ゴミのこと

ikami2005-05-04


朝、家の前の道を歩いていると、粗大ゴミが捨ててあった。
 
そのゴミの中でひときわ異彩を放っている物体。
それは、往年の名機、PC-8801mkIIだった。
それも一台ではない。model30が三台にmodel10が一台で、
4台が積み重ねて置かれていた。
 
PC-8801mkIIというと、今から12年くらい前のパソコンだ。
12年前の僕なら、喉から手が出るほど欲しかったパソコンである。
でも、今ではこのマシンは、現行のマシンと比べて一万分の一くらいの
スピードしかない(多分)。これで一体どうしろというのか。
 
でも、ちょっと欲しいかなって気もする。これくらい古いマシンとなると、
もはやアンティークだ。実に不格好でごっついマシンで、ホントに分かる人にしか分から い逸品であるけれども。
しかし、しこたま雨の降った後のゴミに手を出せるほど
僕は街のゴミ収集家ではなかった。
 
ゴミ収集家と言えば、こんな人がいたな。
 
その人は3年ほど前に、アンプを売ってくれた人だ。一緒にPC-8801FHと、PC-9801F2と、FP-1100と、LDプレーヤーと、βデッキと、CDプレーヤーを付けて、五千円で。
...と聞くと、なんて気前のいい人なんだ、と思うかもしれないが、これには理由がある。βデッキは壊れている。CDプレーヤーも電源の入れ方が分からない。LDプレーヤーは時々動かない。他のパソコンも、ある意味ゴミだ。

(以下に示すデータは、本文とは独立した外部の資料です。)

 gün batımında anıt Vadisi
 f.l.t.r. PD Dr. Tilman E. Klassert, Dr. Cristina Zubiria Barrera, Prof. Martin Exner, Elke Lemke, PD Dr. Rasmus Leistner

FP-1100なんて、一体どうやって使うんだ。98もフロッピーは2DDだし。
 
最初はアンプだけ買うつもりで初対面のその人の家に行った。住所を聞いて。
家に行ってみると、そこにはうずたかく積まれたガラクタの山があった。
「どこからこんなに持ってくるんですか?」と聞くと、
「いや、拾ってくるんですよ。ゴミ捨て場から」
僕は嫌な予感がした。ひょっとして僕の買うアンプも...
結局この嫌な予感は的中して、このアンプは半年ほどでお釈迦になった。
 
「へえ、この88FH、ブラックモデルじゃないですか。珍しいですね」
「ああ、それは動くのを確認してるから、持っていっていいよ」
僕にとってPC-8801FHは価値のあるものだった。なぜなら、PC-8801には、たくさんの古き良きゲームがあるからだ。これについては色々語りたいのだが、今は関係ないので省略する。
 
その人は他にも処分したいものがいっぱいあるらしくて、たくさんのガラクタを僕に託した。それがさっき書いた品々だ。なにしろ、東京では粗大ゴミを処分するのにも一苦労だから。僕は、動けばラッキー、動かなかったら捨てちゃえ、と思って、すべて引き取った。僕にとっては、サラウンドアンプとPC-8801FHが5千円で手に入るだけで嬉しかったのだ。
 
そのガラクタ達の、その後について。
 
CDプレーヤーは、友人の手に渡った。その後どうなったかは知らない。
LDプレーヤーとβデッキは、別の友人が引き取って、修理して使っているそうだ。今も元気に動いているのだろうか?
PC-9801F2は、藤沢にいた知り合いの人と、PC-286Vとの交換という形で引き取られていった。あれの筐体にAT互換機を入れるそうだ。
結局その試みはうまくいったのだろうか?その人は今九州に帰ってしまったので、わからない。
FP-1100は、2〜3度デジタルディスプレイに繋がれて、動作確認をした。ちゃんと動作していた。ポケコンのようなベーシックが入っていた。その後、某大学のサークル会館の裏で、壮絶な最後を遂げた。酔っ払い数人(僕も含む)にムチャクチャに叩きのめされ、無残な形で捨てられていった。
アンプは、半年くらいで電源の調子がおかしくなって、一旦彼に修理の依頼をした。が、結局復活せずに、そのままである。
 
最後に残ったのは、PC-8801FH。ブラックモデル。
現行のマシンと比べて表示できる色が遥かに少なく、鬼のように遅い、今では手に入れることも難しい5インチ2Dを使っている、そんな骨董品のようなマシンがいったい今、どうしているかと言うと...
 
実はまだ、僕の部屋に置いてあるのです。